Work order -> For the material below, return exactly the lines starting at the one holding "A couple things" and ending at the one holding "Let me know", counting both as part of the range.

◆ ◆ ◆ ◆ ◆

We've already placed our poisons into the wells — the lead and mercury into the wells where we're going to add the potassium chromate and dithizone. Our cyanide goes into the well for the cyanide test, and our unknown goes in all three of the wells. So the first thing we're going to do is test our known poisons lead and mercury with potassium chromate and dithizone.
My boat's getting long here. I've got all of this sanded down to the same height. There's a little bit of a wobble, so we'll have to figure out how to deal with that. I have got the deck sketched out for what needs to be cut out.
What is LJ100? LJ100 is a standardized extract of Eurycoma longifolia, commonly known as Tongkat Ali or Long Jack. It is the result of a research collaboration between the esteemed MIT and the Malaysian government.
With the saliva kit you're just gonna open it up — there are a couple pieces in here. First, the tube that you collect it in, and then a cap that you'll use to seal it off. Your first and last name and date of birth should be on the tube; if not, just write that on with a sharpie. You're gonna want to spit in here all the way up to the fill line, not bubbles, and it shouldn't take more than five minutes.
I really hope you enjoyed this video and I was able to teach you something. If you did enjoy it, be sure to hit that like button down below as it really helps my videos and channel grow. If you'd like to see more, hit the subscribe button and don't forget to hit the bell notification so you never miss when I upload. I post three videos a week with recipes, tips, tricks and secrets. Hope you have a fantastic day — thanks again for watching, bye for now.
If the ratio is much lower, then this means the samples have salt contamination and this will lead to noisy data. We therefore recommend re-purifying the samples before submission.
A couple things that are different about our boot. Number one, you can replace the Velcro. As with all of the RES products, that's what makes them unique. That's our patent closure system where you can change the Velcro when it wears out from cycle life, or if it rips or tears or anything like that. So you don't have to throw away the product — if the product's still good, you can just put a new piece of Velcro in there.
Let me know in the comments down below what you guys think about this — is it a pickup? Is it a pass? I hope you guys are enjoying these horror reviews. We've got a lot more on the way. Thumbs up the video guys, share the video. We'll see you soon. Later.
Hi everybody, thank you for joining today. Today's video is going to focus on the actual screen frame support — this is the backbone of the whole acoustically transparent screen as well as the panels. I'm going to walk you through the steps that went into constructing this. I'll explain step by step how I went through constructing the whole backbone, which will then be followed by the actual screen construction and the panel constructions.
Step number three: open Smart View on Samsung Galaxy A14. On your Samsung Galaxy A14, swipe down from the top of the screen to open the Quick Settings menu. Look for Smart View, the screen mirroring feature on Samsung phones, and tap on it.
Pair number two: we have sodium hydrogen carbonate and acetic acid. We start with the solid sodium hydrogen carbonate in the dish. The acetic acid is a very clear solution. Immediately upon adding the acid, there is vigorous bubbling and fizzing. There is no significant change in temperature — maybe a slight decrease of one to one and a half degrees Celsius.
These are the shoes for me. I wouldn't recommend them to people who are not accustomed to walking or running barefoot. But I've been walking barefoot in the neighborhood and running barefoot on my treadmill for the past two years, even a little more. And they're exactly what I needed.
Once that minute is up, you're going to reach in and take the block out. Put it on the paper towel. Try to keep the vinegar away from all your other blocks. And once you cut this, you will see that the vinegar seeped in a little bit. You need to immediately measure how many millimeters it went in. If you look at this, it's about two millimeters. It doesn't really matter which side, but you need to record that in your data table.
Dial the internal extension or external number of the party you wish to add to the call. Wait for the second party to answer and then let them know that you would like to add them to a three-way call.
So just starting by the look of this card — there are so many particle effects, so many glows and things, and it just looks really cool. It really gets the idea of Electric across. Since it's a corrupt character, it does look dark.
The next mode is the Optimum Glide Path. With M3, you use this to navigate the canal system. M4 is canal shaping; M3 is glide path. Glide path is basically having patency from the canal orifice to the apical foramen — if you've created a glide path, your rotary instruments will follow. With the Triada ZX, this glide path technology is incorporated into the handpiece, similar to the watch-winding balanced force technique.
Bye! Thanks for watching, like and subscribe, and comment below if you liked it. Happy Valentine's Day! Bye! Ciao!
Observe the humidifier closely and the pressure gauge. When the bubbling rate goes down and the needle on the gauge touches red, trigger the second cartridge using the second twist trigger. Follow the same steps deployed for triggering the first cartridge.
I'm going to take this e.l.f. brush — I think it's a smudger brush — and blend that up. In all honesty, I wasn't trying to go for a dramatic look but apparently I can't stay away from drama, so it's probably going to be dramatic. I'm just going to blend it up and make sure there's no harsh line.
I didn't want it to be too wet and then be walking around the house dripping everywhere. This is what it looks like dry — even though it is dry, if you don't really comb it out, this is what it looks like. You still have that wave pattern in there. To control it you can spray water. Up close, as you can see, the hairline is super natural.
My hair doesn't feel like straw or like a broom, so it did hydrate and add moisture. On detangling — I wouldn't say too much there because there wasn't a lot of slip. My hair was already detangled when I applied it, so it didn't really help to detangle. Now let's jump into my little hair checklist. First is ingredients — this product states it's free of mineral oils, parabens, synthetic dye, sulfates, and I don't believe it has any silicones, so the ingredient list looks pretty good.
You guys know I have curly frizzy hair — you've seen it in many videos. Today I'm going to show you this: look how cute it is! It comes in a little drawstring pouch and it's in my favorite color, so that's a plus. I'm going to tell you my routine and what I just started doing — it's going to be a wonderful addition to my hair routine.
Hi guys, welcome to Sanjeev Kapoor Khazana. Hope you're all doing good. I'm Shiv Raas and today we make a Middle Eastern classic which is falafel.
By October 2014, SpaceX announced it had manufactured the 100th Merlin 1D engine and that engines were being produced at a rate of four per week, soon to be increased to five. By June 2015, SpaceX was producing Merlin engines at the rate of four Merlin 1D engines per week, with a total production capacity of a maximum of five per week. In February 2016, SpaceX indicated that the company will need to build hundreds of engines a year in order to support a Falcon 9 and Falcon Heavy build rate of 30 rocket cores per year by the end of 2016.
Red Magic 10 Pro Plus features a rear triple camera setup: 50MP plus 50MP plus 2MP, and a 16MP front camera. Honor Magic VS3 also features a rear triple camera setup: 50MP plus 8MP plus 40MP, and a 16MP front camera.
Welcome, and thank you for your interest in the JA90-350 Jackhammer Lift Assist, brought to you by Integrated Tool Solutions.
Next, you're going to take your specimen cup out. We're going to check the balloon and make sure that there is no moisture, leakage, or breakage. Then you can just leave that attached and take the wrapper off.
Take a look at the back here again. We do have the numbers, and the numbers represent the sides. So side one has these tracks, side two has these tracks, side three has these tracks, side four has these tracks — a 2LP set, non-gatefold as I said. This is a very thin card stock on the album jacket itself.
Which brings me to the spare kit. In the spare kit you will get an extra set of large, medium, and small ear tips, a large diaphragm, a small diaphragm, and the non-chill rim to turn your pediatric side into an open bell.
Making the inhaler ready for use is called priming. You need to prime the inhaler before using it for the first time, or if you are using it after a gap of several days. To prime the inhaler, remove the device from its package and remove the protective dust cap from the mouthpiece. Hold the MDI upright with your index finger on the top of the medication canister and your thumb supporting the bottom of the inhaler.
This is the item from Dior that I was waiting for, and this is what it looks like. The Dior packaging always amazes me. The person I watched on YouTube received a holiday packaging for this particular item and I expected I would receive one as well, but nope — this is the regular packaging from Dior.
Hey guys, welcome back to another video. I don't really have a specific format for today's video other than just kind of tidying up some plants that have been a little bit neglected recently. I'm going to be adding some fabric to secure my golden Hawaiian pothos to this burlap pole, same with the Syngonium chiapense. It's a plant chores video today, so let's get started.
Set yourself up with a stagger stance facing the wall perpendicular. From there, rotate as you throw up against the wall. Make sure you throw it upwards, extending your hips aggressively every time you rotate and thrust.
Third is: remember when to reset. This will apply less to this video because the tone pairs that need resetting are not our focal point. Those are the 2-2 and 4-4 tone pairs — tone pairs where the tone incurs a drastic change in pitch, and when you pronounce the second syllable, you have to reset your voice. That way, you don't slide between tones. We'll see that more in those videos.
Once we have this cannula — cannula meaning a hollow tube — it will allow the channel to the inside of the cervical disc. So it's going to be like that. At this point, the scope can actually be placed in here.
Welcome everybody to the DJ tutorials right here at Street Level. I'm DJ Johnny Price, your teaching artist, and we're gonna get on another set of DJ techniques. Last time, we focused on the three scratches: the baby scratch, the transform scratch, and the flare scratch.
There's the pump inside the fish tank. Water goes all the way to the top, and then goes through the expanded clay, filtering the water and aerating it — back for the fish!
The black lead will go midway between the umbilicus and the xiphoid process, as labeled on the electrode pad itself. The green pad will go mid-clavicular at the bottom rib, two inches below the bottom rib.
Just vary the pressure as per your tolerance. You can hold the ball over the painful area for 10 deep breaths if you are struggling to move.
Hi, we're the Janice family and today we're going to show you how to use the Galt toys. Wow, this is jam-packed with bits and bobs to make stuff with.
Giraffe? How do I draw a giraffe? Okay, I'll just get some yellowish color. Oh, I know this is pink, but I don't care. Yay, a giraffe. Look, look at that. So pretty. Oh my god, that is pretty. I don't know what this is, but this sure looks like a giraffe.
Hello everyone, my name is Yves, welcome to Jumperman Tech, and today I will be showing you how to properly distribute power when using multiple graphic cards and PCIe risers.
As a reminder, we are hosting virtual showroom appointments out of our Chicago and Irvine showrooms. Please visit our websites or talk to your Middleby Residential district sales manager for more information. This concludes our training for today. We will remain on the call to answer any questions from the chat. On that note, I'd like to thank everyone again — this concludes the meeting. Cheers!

◆ ◆ ◆ ◆ ◆

Exercise solution ->
A couple things that are different about our boot. Number one, you can replace the Velcro. As with all of the RES products, that's what makes them unique. That's our patent closure system where you can change the Velcro when it wears out from cycle life, or if it rips or tears or anything like that. So you don't have to throw away the product — if the product's still good, you can just put a new piece of Velcro in there.
Let me know in the comments down below what you guys think about this — is it a pickup? Is it a pass? I hope you guys are enjoying these horror reviews. We've got a lot more on the way. Thumbs up the video guys, share the video. We'll see you soon. Later.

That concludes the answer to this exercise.